● BRIEF
When copying the data below, keep only the lines from the one with "at home Cute" through the one with "Functional laundry room", word for word, and skip the pictures.

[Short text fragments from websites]
========================================================================

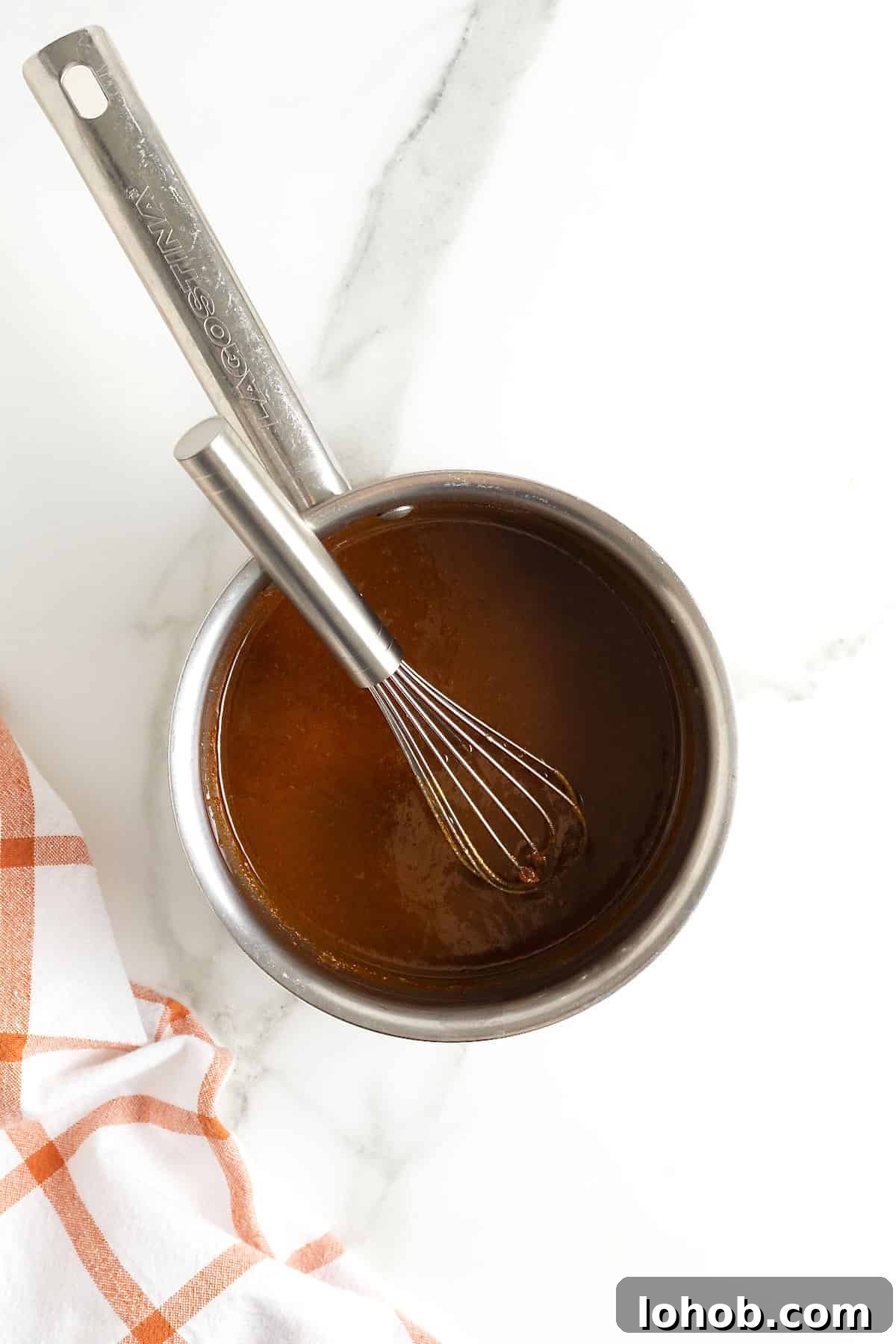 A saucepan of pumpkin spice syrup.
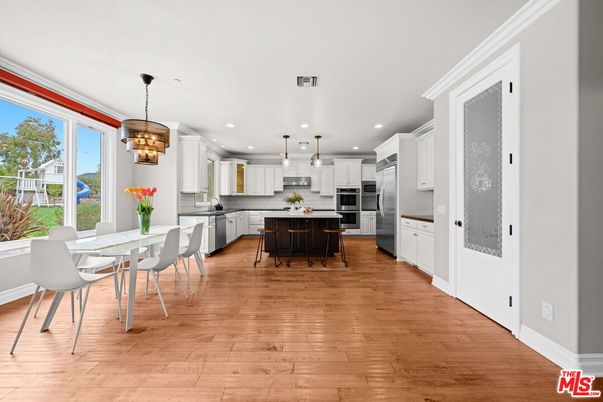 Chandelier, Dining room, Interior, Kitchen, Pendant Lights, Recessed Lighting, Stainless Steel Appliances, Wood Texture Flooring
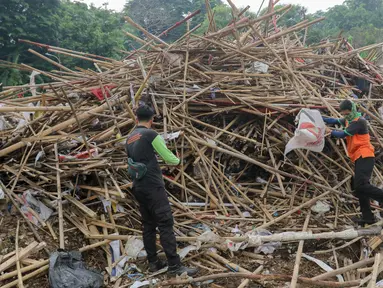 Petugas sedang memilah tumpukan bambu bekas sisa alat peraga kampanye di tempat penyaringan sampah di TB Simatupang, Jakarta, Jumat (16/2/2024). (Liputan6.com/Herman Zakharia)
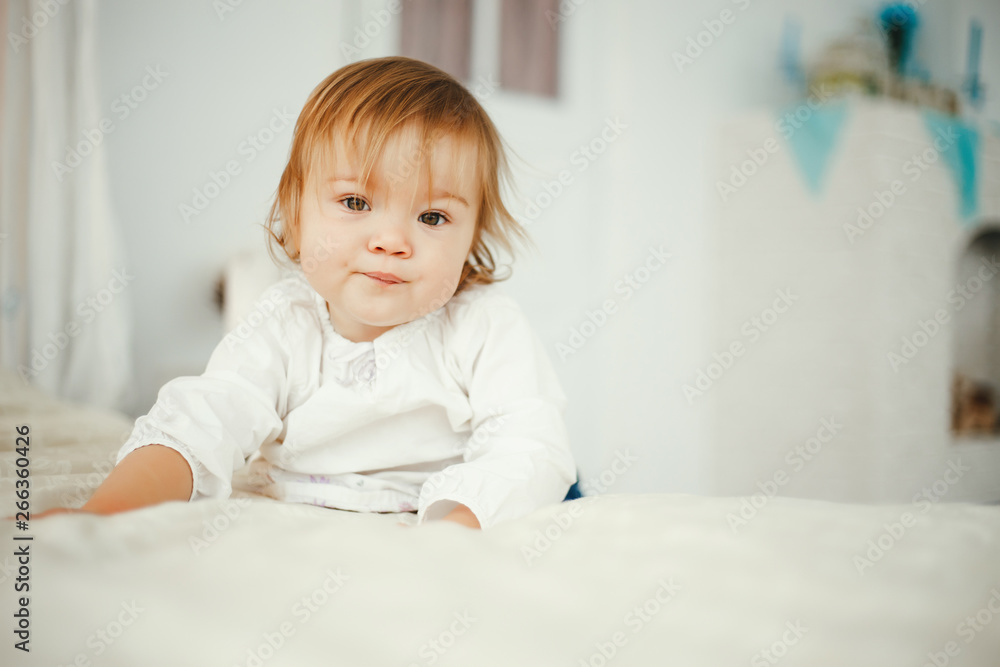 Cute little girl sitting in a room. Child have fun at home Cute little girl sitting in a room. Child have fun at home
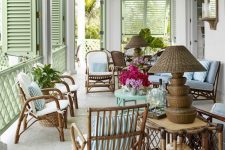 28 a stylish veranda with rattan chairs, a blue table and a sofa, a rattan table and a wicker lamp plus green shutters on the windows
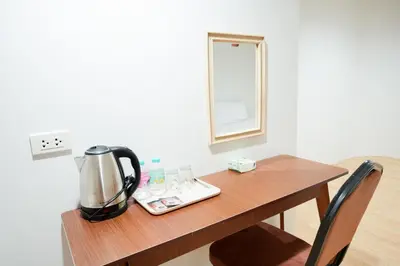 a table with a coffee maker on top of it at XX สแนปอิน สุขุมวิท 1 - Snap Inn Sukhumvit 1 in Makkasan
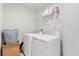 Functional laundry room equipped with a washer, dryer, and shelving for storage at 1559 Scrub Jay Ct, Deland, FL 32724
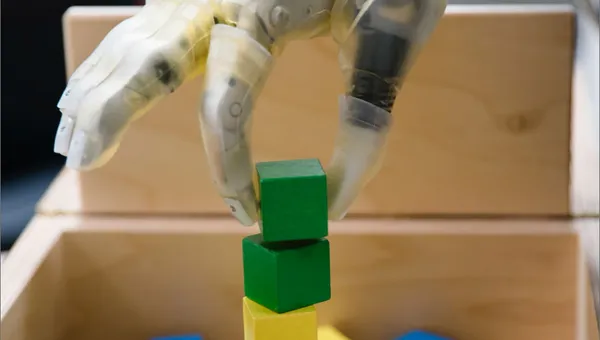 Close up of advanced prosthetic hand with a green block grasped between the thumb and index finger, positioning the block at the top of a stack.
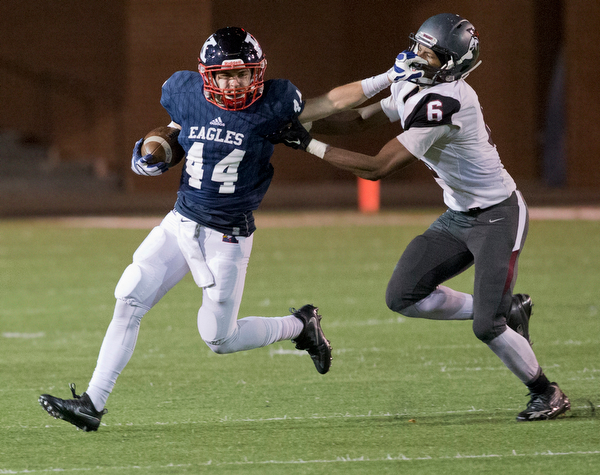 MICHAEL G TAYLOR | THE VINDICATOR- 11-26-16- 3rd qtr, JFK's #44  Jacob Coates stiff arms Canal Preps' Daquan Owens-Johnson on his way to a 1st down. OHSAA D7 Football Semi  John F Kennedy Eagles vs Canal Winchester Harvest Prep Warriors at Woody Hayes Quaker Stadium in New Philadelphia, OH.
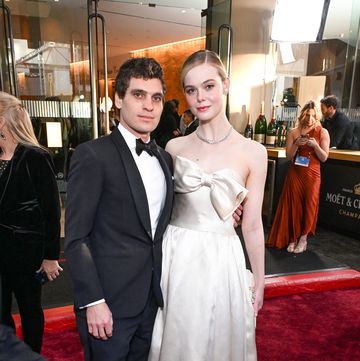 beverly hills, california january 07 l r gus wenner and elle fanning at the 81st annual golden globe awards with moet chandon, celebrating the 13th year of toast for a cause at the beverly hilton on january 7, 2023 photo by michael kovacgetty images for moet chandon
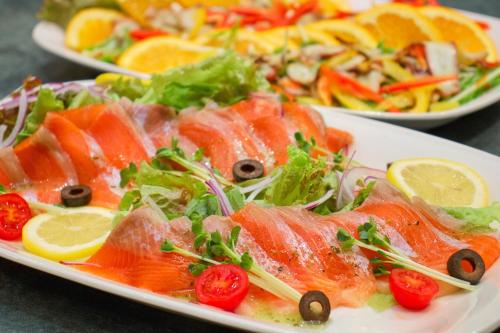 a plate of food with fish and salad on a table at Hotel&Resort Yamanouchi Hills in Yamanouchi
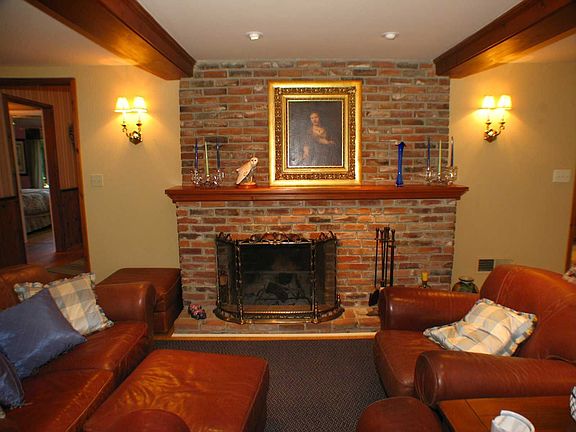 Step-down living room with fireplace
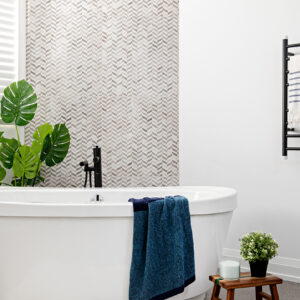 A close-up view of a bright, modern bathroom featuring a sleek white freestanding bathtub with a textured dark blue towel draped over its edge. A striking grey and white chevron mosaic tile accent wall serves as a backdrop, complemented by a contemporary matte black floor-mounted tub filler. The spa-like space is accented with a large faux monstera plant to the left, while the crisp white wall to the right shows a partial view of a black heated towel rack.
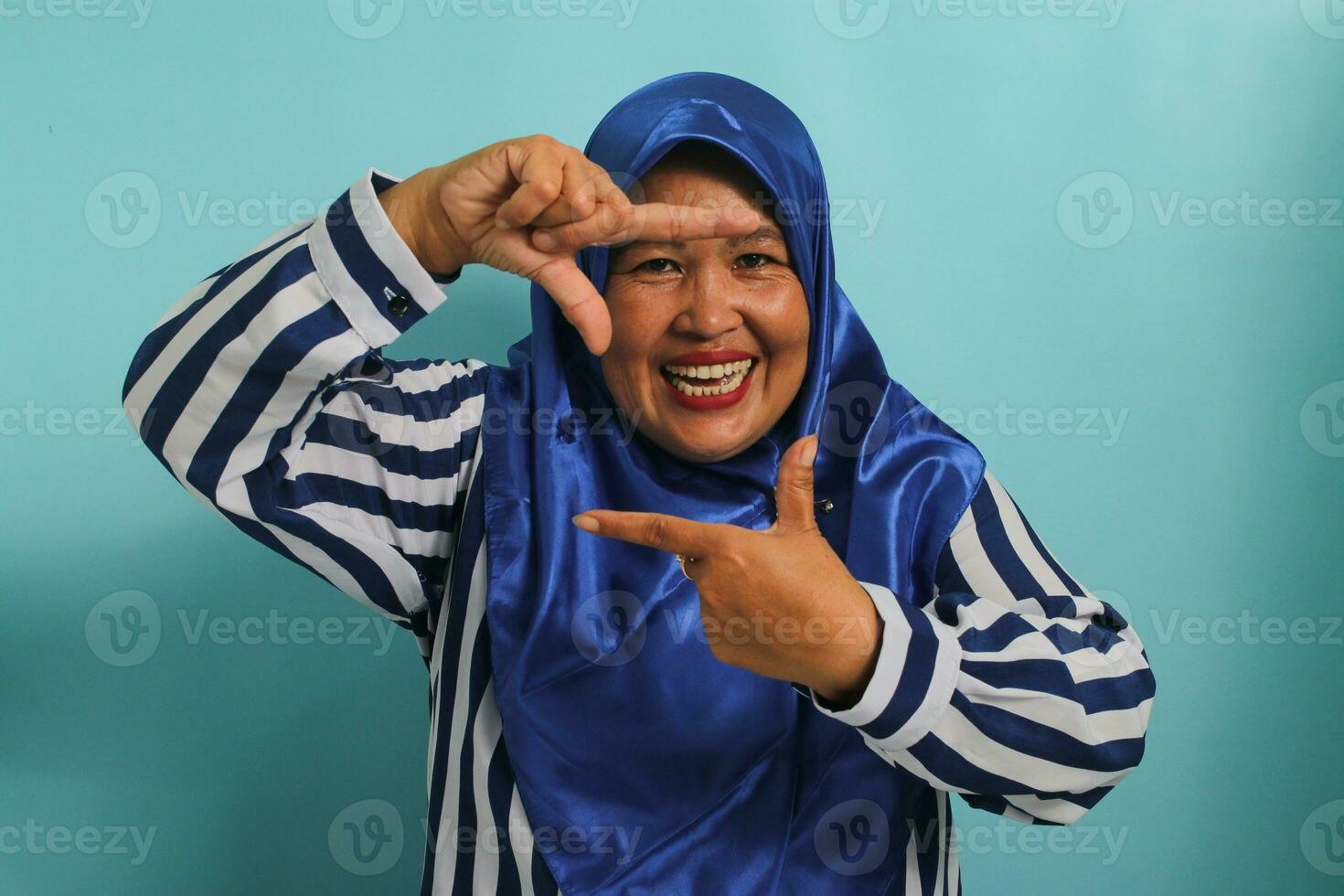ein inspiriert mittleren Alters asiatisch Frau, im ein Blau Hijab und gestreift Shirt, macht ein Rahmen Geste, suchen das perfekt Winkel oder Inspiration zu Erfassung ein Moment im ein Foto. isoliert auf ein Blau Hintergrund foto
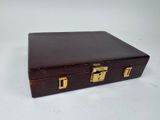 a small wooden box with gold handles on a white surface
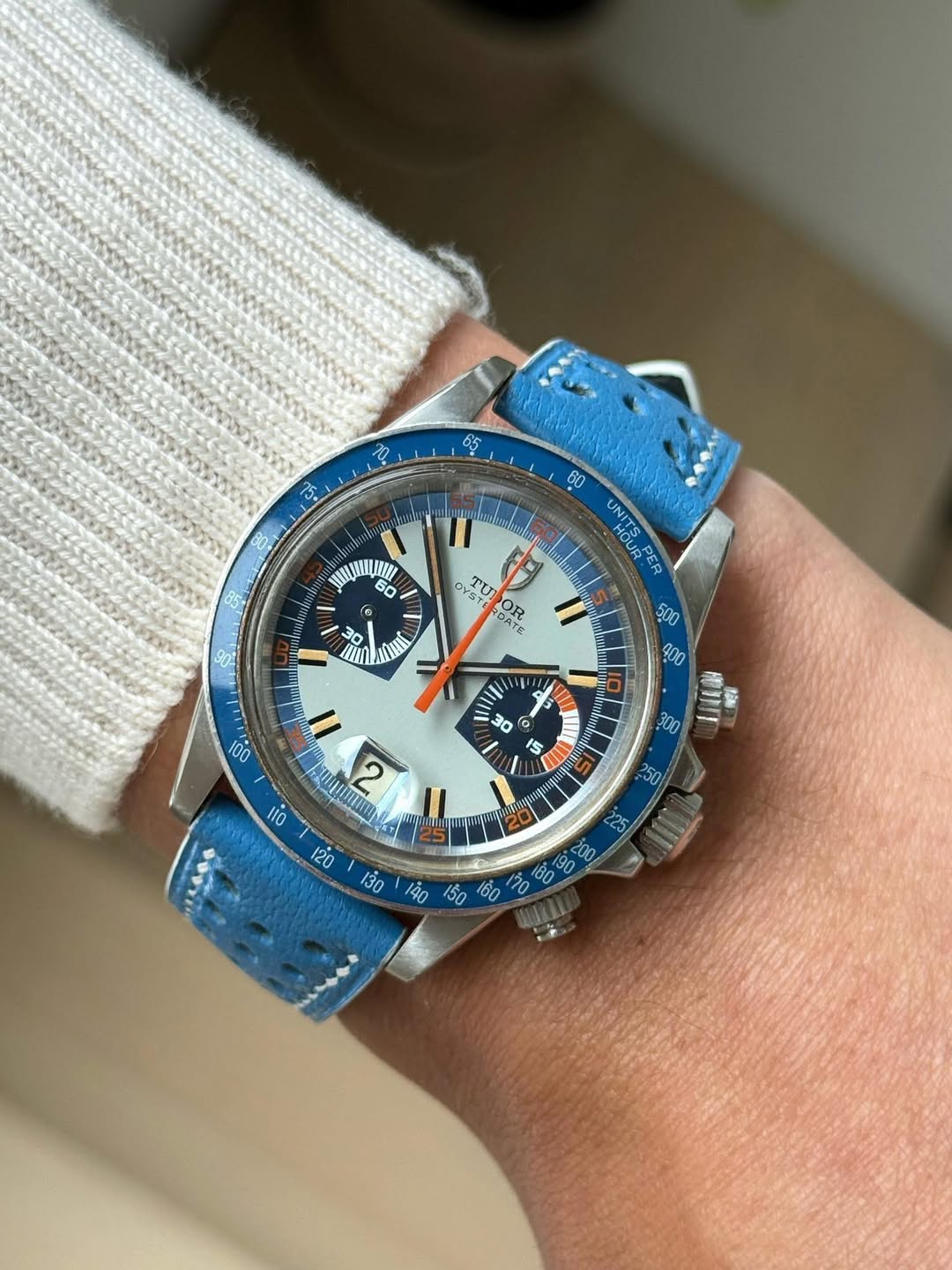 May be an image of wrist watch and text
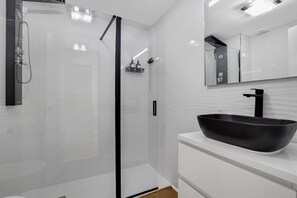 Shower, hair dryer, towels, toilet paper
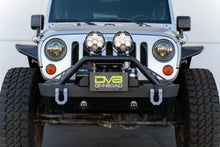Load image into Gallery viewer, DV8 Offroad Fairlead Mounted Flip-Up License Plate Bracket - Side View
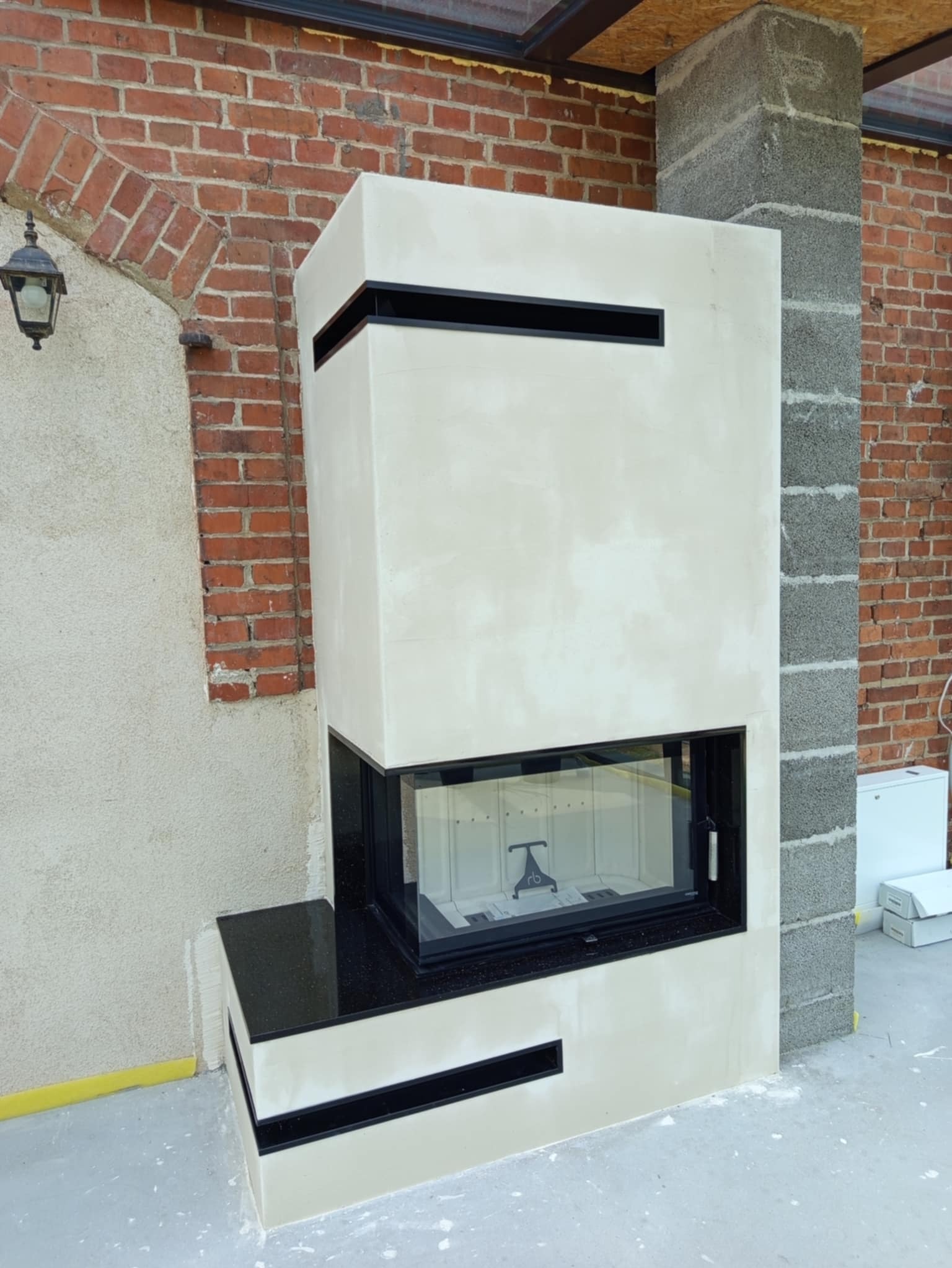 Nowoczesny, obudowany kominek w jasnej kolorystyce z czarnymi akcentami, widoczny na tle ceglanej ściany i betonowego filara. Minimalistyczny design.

========================================================================

● ANSWER AREA
 Cute little girl sitting in a room. Child have fun at home Cute little girl sitting in a room. Child have fun at home
 28 a stylish veranda with rattan chairs, a blue table and a sofa, a rattan table and a wicker lamp plus green shutters on the windows
 a table with a coffee maker on top of it at XX สแนปอิน สุขุมวิท 1 - Snap Inn Sukhumvit 1 in Makkasan
 Functional laundry room equipped with a washer, dryer, and shelving for storage at 1559 Scrub Jay Ct, Deland, FL 32724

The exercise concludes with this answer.